Bogdan Alexandrovich Kiselevich () (born 14 February 1990) is a Russian professional ice hockey defenceman currently playing for CSKA Moscow in the Kontinental Hockey League (KHL). He has formerly played in the National Hockey League (NHL) with the Florida Panthers.

Playing career
Kiselevich played spent his youth career with HC Severstal Cherepovets. Subsequently, he played nine seasons for Severstal in the KHL. On 9 May 2014, Kiselevich was traded to powerhouse CSKA Moscow. He subsequently agreed to a new two-year contract.

On 2 June 2018, Kiselevich as a free agent signed a one-year, one-way contract with the Florida Panthers of the NHL for the 2018–19 season.

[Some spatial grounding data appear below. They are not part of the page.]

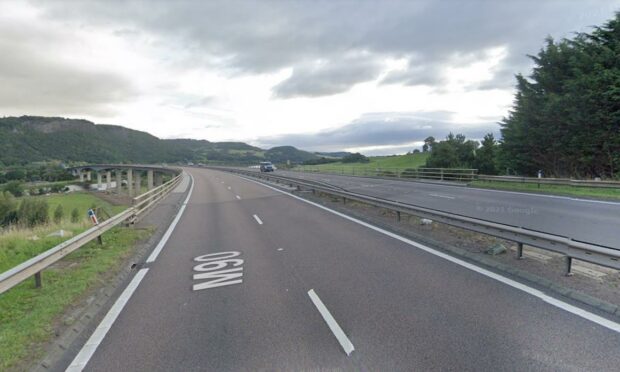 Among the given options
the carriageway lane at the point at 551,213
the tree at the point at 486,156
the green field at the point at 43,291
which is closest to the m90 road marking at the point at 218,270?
the green field at the point at 43,291

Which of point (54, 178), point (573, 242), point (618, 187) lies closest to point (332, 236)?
point (573, 242)

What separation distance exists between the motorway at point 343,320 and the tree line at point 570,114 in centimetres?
2194

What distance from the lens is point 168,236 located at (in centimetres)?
1119

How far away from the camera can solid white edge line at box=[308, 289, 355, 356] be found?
12.9ft

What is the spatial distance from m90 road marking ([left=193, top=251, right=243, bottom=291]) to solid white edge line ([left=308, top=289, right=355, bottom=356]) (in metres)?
1.71

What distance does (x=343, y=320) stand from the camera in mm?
4594

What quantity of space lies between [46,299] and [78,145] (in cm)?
20249

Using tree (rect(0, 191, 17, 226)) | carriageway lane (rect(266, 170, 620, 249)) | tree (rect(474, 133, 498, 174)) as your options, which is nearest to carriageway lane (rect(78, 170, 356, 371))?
carriageway lane (rect(266, 170, 620, 249))

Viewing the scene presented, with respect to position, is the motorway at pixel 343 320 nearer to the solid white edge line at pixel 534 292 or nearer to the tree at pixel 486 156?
the solid white edge line at pixel 534 292

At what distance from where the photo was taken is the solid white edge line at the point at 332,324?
12.9 feet

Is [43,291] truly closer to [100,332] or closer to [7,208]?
[100,332]

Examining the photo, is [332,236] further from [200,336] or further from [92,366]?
[92,366]

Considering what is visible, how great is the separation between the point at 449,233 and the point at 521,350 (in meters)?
6.02

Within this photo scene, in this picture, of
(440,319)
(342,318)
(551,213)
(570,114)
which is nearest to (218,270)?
(342,318) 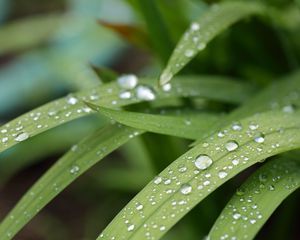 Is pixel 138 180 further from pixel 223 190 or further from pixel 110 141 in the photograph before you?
pixel 110 141

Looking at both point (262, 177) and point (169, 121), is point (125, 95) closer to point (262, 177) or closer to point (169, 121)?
point (169, 121)

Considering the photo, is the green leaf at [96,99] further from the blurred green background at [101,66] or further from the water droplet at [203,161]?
the water droplet at [203,161]

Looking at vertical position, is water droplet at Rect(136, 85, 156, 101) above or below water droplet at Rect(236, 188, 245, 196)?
above

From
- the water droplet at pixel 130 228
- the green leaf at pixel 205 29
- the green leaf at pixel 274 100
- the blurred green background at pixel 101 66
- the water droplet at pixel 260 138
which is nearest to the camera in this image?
the water droplet at pixel 130 228

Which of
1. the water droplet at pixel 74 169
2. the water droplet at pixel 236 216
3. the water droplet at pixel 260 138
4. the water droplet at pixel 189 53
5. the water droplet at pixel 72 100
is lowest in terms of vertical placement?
the water droplet at pixel 236 216

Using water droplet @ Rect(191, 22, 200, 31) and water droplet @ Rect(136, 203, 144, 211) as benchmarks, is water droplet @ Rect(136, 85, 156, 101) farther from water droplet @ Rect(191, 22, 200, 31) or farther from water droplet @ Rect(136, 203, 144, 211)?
water droplet @ Rect(136, 203, 144, 211)

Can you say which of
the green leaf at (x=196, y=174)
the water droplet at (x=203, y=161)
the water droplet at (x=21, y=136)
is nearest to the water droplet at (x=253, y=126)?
the green leaf at (x=196, y=174)

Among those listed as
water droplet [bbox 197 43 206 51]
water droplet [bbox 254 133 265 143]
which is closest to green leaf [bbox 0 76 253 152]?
water droplet [bbox 197 43 206 51]

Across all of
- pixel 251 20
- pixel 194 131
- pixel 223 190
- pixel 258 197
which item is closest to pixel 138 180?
pixel 223 190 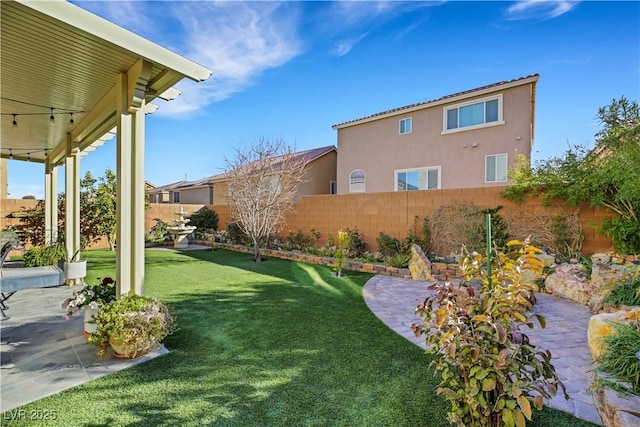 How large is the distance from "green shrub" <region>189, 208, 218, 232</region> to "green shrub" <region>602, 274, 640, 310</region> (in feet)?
53.1

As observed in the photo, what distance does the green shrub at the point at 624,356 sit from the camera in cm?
259

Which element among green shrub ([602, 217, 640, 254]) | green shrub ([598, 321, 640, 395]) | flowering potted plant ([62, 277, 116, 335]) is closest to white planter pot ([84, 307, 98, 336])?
flowering potted plant ([62, 277, 116, 335])

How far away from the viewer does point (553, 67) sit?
1101 cm

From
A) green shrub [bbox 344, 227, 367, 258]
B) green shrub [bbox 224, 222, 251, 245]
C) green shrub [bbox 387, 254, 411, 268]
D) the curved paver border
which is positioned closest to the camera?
the curved paver border

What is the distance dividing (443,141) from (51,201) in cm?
1454

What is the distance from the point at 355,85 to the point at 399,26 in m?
3.87

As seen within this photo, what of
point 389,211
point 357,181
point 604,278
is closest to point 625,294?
point 604,278

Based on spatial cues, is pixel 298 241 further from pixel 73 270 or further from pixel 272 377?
pixel 272 377

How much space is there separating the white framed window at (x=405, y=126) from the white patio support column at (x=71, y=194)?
42.7 feet

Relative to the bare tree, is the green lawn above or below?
below

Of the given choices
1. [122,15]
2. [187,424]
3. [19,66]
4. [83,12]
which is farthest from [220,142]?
[187,424]

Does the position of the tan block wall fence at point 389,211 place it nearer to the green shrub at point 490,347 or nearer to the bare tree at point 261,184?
the bare tree at point 261,184

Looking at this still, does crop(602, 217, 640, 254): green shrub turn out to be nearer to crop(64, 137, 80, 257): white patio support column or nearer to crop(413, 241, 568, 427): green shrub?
crop(413, 241, 568, 427): green shrub

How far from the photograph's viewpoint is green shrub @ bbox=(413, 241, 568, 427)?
201 cm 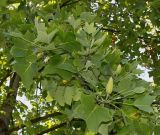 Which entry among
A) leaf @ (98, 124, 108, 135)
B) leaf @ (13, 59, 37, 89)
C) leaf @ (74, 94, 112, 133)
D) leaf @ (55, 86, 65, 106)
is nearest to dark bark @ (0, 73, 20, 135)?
leaf @ (55, 86, 65, 106)

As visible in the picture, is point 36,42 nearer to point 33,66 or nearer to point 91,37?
point 33,66

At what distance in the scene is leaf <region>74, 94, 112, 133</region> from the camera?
1916mm

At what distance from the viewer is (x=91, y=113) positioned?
192 centimetres

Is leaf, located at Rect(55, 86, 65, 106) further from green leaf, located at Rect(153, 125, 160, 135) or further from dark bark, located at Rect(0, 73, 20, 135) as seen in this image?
dark bark, located at Rect(0, 73, 20, 135)

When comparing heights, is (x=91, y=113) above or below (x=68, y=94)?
below

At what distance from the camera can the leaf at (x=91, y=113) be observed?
1916mm

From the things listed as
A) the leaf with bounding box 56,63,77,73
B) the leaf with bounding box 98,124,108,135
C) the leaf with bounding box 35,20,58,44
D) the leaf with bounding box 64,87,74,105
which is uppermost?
the leaf with bounding box 35,20,58,44

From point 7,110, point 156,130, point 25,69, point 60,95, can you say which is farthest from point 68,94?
point 7,110

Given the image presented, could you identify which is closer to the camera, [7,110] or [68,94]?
[68,94]

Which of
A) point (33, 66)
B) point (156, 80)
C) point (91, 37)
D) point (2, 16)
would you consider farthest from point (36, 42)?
point (156, 80)

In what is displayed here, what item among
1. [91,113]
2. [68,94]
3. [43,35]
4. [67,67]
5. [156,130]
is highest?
[43,35]

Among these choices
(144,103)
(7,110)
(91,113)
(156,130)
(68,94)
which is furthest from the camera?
(7,110)

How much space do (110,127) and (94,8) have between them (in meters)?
4.75

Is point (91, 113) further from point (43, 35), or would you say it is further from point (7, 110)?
point (7, 110) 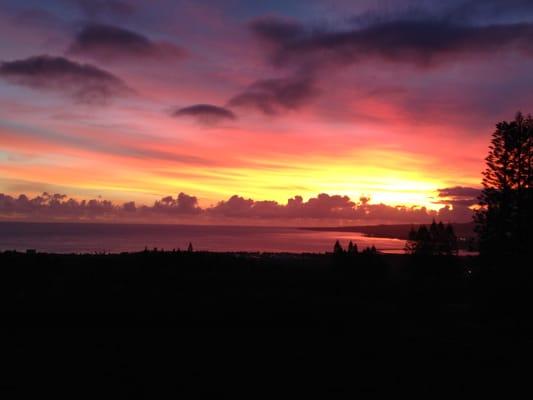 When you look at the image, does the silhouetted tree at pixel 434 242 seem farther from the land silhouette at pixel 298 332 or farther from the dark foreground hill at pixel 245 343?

After attending the Panthers 2018 training camp, Kiselevich made the opening season roster, he made his NHL debut with Florida in a 3–2 defeat to the Vancouver Canucks at the BB&T Center in Sunrise, Florida on October 13, 2018. In his second game he registered his first point, an assist on a goal by Evgenii Dadonov, in a 6–5 shootout loss to the Philadelphia Flyers on October 16, 2018. Kiselevich rotated among the Panthers depth defenseman to appear in 32 games for 8 assists. At the trade deadline on 25 February 2019, he was traded by the Panthers to the Winnipeg Jets. Kiselevich joined the Jets, serving as a healthy scratch for the remainder of the regular season and playoffs.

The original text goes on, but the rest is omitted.